→ **Aim of the task**:
The lines below from the one with "For simplicity, I" up to and including the one with "Welcome to How" are what you should set down, exactly and without pictures.

→ **Working data**:
>>>>>

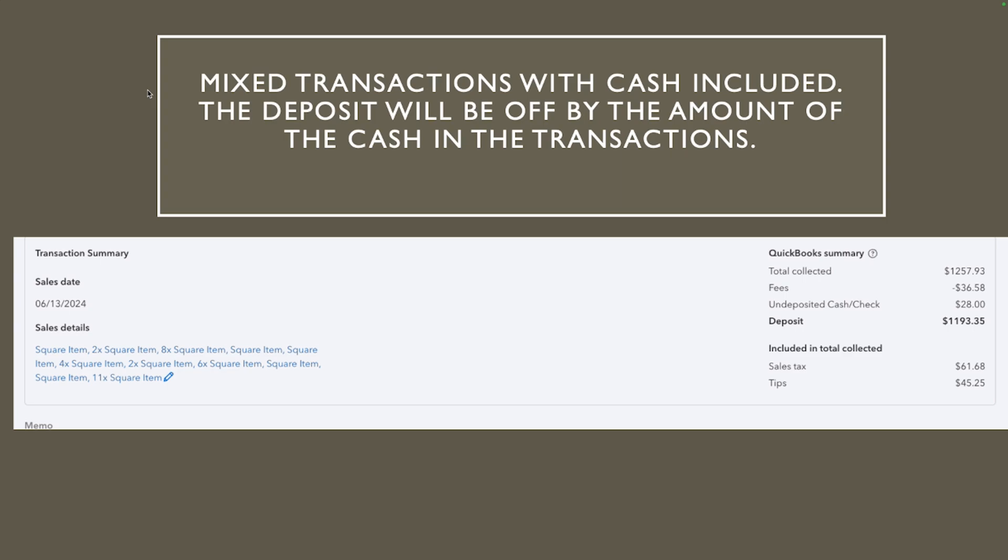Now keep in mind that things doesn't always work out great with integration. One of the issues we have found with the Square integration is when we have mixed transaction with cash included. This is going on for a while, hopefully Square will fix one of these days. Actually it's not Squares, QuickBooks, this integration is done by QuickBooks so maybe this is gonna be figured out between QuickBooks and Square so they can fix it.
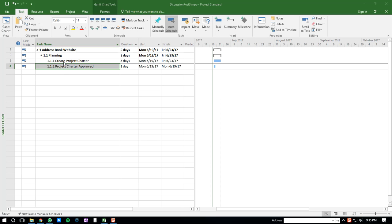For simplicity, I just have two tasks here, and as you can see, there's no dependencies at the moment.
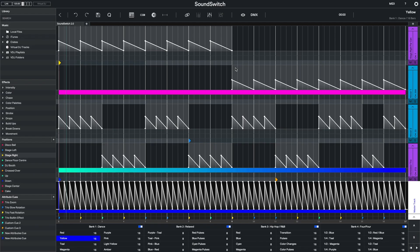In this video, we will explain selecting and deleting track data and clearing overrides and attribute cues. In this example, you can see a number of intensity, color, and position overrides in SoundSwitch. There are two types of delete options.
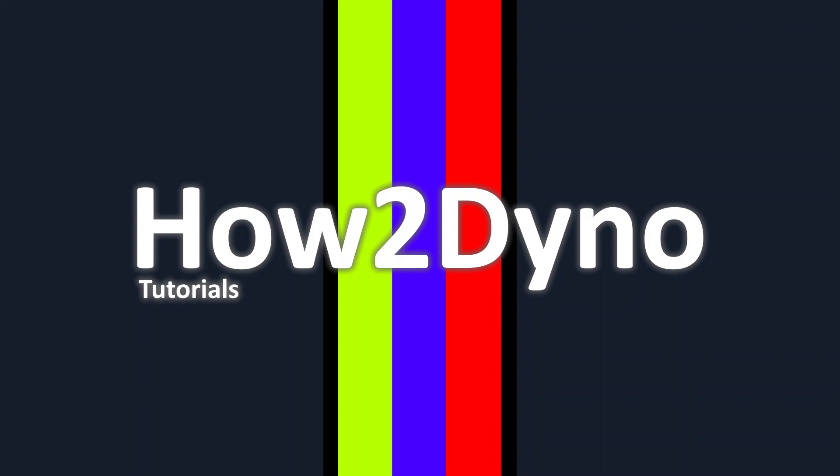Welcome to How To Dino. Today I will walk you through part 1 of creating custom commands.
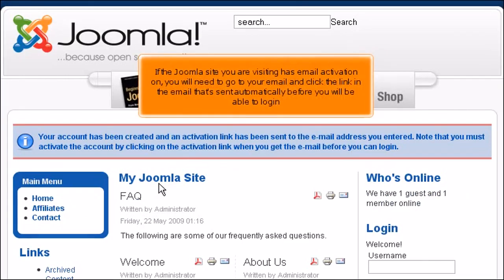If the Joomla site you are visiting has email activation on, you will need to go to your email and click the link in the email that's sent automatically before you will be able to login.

<<<<<
>>>>>

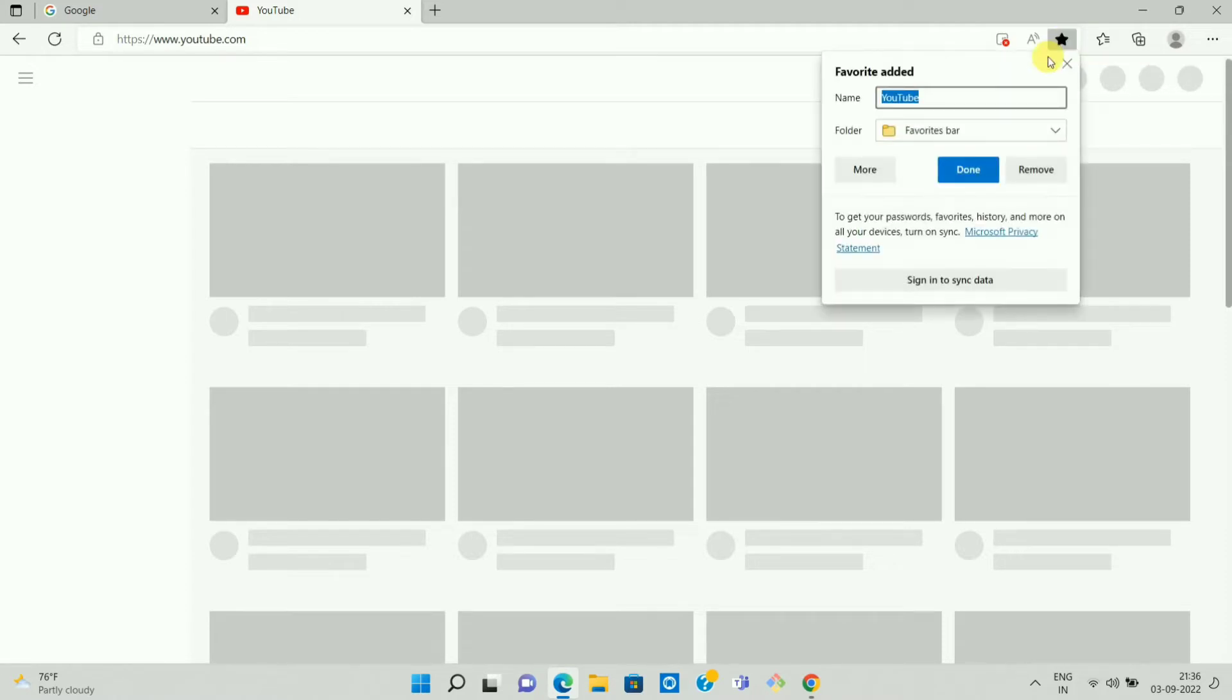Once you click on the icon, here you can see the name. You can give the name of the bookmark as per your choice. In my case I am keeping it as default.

<<<<<

→ **Solution to this task**:
For simplicity, I just have two tasks here, and as you can see, there's no dependencies at the moment.
In this video, we will explain selecting and deleting track data and clearing overrides and attribute cues. In this example, you can see a number of intensity, color, and position overrides in SoundSwitch. There are two types of delete options.
Welcome to How To Dino. Today I will walk you through part 1 of creating custom commands.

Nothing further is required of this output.